Friday, December 7, 2012

New U.S. Embassy in Libreville, Gabon Dedicated

State Department Photo

Office of the Spokesperson
Department of State
Washington, DC

December 6, 2012

In an important symbol of America’s commitment to an enduring friendship with the Gabonese Republic, U.S. Ambassador to Gabon, Eric Benjaminson, dedicated the new U.S. Embassy in Libreville today. Gabon Prime Minister, Léon M’ba; Assistant Secretary for Administration, Joyce Barr; and Bureau of Overseas Buildings Operations (OBO) Managing Director, Rodney Evans, participated in the ribbon-cutting and official opening ceremonies.

Occupying a ten-acre site in the Sabliere neighborhood, the $107 million multi-building complex provides a centralized location for the mission, as well as a state of the art, environmentally sustainable workplace for embassy personnel.

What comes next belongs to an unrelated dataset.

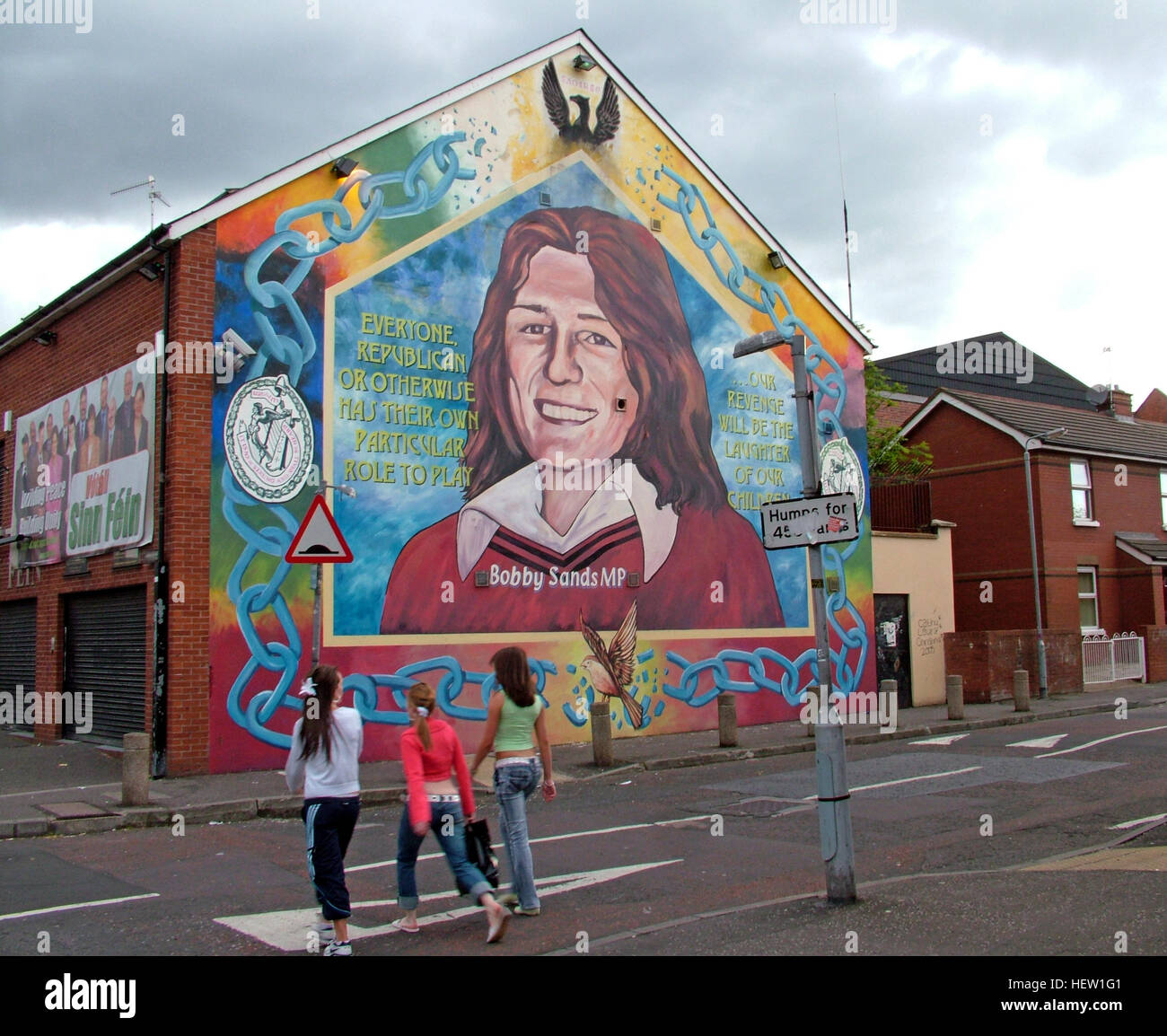 Belfast Falls Rd republikanischen Wandbild - Bobby Sands MP & Sinn Féin Office - mit Kindern, die Straße überqueren Stockfoto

Sorg Architects of Washington, DC, is the architect of record and B.L. Harbert International, LLC of Birmingham, Alabama constructed the project.

The Embassy’s permanent art collection features works by celebrated Anglo-American, African-American, and Gabonese artists, curated by the Office of Art in Embassies. The artworks are organized around a theme relating to creatures of the forest – a formative force in Gabonese life. The collection also includes a commemorative portrait of Dr. Martin Luther King, Jr., the namesake of the road in front of the new embassy.

The new facility incorporates numerous sustainable features, most notably energy efficient building systems, low-flow water fixtures, and recycled materials. The facility has been registered with the U.S. Green Building Council for Leadership in Energy and Environmental Design (LEED®) certification.

Since 1999, as part of the Department’s Capital Security Construction Program, OBO has completed 95 new diplomatic facilities and has an additional 40 projects in design or construction.

OBO’s mission is to provide safe, secure, and functional facilities that represent the U.S. Government to the host nation and support our staff in the achievement of U.S. foreign policy objectives. These facilities should represent American values and the best in American architecture, engineering, technology, sustainability, art, culture, and construction execution.